New report also shows average interest rate for new vehicles reaches 6 percent

Schaumburg, Ill., Feb. 28, 2019 —While vehicle affordability and delinquent loan volume continue to make headlines, new findings from Experian’s Q4 2018 State of the Automotive Finance Market report show these trends may not be as dire as they seem. In fact, the percentage of 30-day delinquent loans improved year-over-year, while the percentage of 60-day delinquencies saw only a minimal uptick over the same time period.

The report shows 30-day delinquencies dropped to 2.32 percent from 2.36 percent a year ago, while 60-day delinquencies increased to 0.78 percent from 0.76 percent the previous year. The percentage of delinquent loans continues to remain stable even as more and more consumers rely on automotive financing.
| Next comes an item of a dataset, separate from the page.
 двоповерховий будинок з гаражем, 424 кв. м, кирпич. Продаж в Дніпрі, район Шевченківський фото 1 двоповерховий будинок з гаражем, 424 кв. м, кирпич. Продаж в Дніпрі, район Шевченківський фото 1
In Q4 2018, 85.1 percent of all new vehicle purchases were financed compared to 81.4 percent in Q4 2010.

“While delinquencies can be an indicator of automotive finance market health, it’s important to examine these trends within the larger industry context,” said Melinda Zabritski, Experian’s senior director of automotive financial solutions. “With more car shoppers using automotive financing options, it’s natural to see an uptick in the volume of delinquent loans. Lenders need to factor in additional historical trends, such as the percentage of subprime loan originations and shifting payment options, to gain a more complete picture and make the right lending decisions.”

Much of the conversation surrounding delinquency rates is driven by questions of vehicle affordability, specifically the average loan amounts and monthly payments. The average loan amount for a new vehicle was $31,722 (up $623 from the previous year), while the average loan amount for a used vehicle surpassed $20,000 (up $488 from the previous year). The average monthly payment for a new vehicle was $545 (up $30 from the previous year) and the average for a used vehicle was $387 (up $16 from the previous year).

Another component of the conversation around vehicle affordability is interest rates – which for new vehicle loans was 6.13 percent, up from 5.11 percent a year ago. For used vehicle loans, the average interest rate was 9.59 percent.

“As loan amounts, monthly payments and interest rates continue to rise, there are a number of factors for consumers to consider as they research their car-buying options,” Zabritski said. “While consumers appear to be doing their due diligence when making borrowing choices that fit their budget, lenders also play a large role. Every consumer deserves access to quality credit, and lenders should leverage all available data to offer the most comprehensive financing options to car shoppers.”

Additional findings for Q4 2018:

• Total outstanding automotive loan balances in Q4 2018 was $1.178 trillion.
• The percentage of outstanding loan balances held by subprime and deep subprime consumers remained below 20 percent (19.69 percent)
• Loan originations to super prime consumers grew 3.3 percent to 20.54 percent of total originations.
• Leasing grew year-over-year. The percentage of new vehicles that were leased reach 28.76 percent compared to 28.28 percent a year ago.
• Eight of the top 10 new leased models in Q4 2018 were crossover utility vehicles and trucks.
• The gap between the average new and used monthly payments continued to widen, reaching $158.